▶ **Dataset excerpts**
━━━━━━━━

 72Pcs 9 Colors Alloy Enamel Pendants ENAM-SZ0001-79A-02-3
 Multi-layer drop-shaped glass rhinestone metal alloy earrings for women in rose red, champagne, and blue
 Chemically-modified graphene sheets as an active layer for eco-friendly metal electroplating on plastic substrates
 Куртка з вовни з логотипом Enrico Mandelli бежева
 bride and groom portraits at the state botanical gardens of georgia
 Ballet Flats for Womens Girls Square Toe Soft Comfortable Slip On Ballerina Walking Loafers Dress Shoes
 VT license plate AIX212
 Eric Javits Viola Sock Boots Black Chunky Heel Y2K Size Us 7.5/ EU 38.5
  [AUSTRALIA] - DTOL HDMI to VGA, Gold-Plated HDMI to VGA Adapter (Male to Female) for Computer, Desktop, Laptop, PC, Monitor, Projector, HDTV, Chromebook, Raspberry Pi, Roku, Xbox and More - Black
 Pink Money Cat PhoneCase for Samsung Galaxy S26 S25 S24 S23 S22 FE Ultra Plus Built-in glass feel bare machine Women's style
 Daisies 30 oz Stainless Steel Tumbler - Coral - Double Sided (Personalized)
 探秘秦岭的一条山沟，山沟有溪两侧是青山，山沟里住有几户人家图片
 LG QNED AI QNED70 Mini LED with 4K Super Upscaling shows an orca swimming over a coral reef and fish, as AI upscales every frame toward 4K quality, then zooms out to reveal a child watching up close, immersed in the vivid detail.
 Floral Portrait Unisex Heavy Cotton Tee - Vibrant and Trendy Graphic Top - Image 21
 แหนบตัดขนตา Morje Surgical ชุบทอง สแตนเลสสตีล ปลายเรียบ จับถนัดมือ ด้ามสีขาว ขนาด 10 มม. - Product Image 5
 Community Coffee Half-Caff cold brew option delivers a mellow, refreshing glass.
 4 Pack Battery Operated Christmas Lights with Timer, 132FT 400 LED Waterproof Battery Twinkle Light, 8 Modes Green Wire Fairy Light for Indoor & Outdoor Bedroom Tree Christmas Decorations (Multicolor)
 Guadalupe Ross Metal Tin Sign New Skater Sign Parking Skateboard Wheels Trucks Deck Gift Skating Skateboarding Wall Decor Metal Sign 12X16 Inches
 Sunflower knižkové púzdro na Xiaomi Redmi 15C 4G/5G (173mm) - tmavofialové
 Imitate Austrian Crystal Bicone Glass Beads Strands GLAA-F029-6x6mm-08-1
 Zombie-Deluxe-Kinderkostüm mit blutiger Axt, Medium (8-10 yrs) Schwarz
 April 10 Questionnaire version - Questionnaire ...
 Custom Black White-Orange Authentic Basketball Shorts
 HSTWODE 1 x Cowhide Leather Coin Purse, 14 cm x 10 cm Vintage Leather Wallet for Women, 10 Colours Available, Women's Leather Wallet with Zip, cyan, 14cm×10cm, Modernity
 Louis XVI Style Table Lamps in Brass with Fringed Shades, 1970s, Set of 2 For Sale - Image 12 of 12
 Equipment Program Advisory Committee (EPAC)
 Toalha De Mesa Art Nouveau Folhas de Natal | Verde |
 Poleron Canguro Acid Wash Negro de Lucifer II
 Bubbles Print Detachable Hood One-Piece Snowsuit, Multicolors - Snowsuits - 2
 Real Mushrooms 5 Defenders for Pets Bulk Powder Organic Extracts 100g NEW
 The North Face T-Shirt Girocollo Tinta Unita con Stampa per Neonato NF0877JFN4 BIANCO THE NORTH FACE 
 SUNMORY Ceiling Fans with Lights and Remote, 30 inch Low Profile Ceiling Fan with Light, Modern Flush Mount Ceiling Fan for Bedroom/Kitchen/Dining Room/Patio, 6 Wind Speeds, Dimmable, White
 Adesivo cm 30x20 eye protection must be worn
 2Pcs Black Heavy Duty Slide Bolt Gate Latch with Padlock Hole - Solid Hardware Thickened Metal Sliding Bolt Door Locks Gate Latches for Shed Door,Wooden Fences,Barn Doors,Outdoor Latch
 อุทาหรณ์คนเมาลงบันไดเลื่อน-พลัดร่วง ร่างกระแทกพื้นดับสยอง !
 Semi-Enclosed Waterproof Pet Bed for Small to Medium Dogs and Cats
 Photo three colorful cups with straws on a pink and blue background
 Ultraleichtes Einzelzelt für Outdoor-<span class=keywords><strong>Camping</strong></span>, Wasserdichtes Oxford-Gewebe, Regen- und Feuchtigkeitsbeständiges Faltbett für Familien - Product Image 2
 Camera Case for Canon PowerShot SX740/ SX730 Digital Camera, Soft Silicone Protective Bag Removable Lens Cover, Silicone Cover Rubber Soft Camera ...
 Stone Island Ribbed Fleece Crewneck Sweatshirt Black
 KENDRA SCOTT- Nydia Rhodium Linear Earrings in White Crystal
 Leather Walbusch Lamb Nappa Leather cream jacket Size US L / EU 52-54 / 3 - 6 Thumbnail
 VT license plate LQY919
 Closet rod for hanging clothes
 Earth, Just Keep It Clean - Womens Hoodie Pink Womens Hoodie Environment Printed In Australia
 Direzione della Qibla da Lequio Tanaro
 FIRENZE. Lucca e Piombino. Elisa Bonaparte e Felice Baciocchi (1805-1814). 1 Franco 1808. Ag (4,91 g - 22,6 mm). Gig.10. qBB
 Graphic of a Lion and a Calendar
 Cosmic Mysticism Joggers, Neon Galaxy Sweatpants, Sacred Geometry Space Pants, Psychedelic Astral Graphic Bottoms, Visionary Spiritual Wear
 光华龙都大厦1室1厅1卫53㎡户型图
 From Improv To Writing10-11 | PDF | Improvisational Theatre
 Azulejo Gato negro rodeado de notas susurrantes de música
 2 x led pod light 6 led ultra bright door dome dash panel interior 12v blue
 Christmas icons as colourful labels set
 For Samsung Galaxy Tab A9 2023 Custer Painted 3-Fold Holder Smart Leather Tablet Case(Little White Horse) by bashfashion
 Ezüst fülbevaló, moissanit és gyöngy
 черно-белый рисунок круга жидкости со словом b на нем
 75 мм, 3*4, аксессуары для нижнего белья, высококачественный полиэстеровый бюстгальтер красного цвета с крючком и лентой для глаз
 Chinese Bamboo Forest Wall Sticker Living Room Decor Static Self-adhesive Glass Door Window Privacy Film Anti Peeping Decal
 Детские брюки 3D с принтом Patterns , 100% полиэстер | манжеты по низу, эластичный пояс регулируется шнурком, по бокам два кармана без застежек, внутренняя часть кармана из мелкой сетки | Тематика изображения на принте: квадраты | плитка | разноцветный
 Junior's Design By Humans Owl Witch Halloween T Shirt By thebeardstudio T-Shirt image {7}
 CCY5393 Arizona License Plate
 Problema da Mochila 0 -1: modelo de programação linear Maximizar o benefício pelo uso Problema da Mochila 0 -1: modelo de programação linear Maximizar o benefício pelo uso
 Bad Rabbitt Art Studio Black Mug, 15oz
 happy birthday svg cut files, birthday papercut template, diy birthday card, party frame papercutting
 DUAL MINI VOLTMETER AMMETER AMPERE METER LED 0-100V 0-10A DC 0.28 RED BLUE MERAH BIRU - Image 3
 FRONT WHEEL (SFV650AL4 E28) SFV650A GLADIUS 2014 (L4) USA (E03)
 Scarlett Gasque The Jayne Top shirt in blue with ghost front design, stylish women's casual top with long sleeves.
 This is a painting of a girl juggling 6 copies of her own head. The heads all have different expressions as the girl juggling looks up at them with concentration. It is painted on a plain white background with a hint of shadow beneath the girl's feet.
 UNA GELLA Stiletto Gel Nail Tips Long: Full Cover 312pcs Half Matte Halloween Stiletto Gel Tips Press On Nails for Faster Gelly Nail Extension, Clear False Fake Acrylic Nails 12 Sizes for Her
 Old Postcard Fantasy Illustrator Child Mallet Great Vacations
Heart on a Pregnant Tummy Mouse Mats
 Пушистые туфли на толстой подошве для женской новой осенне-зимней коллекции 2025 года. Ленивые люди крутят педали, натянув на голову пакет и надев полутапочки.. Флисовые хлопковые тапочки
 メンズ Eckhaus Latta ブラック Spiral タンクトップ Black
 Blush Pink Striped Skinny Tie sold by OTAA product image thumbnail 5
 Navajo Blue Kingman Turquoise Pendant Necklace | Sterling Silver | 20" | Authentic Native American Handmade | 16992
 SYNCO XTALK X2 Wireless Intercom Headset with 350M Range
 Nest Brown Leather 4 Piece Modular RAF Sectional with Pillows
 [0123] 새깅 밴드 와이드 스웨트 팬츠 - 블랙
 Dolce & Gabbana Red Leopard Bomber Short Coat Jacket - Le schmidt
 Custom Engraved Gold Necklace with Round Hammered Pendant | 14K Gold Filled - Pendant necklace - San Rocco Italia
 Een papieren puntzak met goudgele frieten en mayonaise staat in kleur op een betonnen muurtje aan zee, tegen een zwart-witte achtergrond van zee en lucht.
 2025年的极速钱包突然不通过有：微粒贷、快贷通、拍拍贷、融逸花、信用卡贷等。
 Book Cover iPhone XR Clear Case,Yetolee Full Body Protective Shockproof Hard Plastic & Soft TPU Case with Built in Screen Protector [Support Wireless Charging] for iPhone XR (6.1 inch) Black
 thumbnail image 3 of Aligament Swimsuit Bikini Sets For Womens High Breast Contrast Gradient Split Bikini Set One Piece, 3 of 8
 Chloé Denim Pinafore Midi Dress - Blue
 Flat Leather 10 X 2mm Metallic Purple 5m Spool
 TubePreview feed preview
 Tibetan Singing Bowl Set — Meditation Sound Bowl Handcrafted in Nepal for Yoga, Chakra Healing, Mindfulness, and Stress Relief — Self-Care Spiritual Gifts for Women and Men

━━━━━━━━

▶ **YOUR OBJECTIVE**
Look above for the line with "探秘秦岭的一条山沟，山沟有溪两侧是青山，山沟里住有几户人家图片" and the line with "Custom Black White-Orange"; transcribe both and all lines in between, exactly, and nothing else.

▶ **SOLUTION**
 探秘秦岭的一条山沟，山沟有溪两侧是青山，山沟里住有几户人家图片
 LG QNED AI QNED70 Mini LED with 4K Super Upscaling shows an orca swimming over a coral reef and fish, as AI upscales every frame toward 4K quality, then zooms out to reveal a child watching up close, immersed in the vivid detail.
 Floral Portrait Unisex Heavy Cotton Tee - Vibrant and Trendy Graphic Top - Image 21
 แหนบตัดขนตา Morje Surgical ชุบทอง สแตนเลสสตีล ปลายเรียบ จับถนัดมือ ด้ามสีขาว ขนาด 10 มม. - Product Image 5
 Community Coffee Half-Caff cold brew option delivers a mellow, refreshing glass.
 4 Pack Battery Operated Christmas Lights with Timer, 132FT 400 LED Waterproof Battery Twinkle Light, 8 Modes Green Wire Fairy Light for Indoor & Outdoor Bedroom Tree Christmas Decorations (Multicolor)
 Guadalupe Ross Metal Tin Sign New Skater Sign Parking Skateboard Wheels Trucks Deck Gift Skating Skateboarding Wall Decor Metal Sign 12X16 Inches
 Sunflower knižkové púzdro na Xiaomi Redmi 15C 4G/5G (173mm) - tmavofialové
 Imitate Austrian Crystal Bicone Glass Beads Strands GLAA-F029-6x6mm-08-1
 Zombie-Deluxe-Kinderkostüm mit blutiger Axt, Medium (8-10 yrs) Schwarz
 April 10 Questionnaire version - Questionnaire ...
 Custom Black White-Orange Authentic Basketball Shorts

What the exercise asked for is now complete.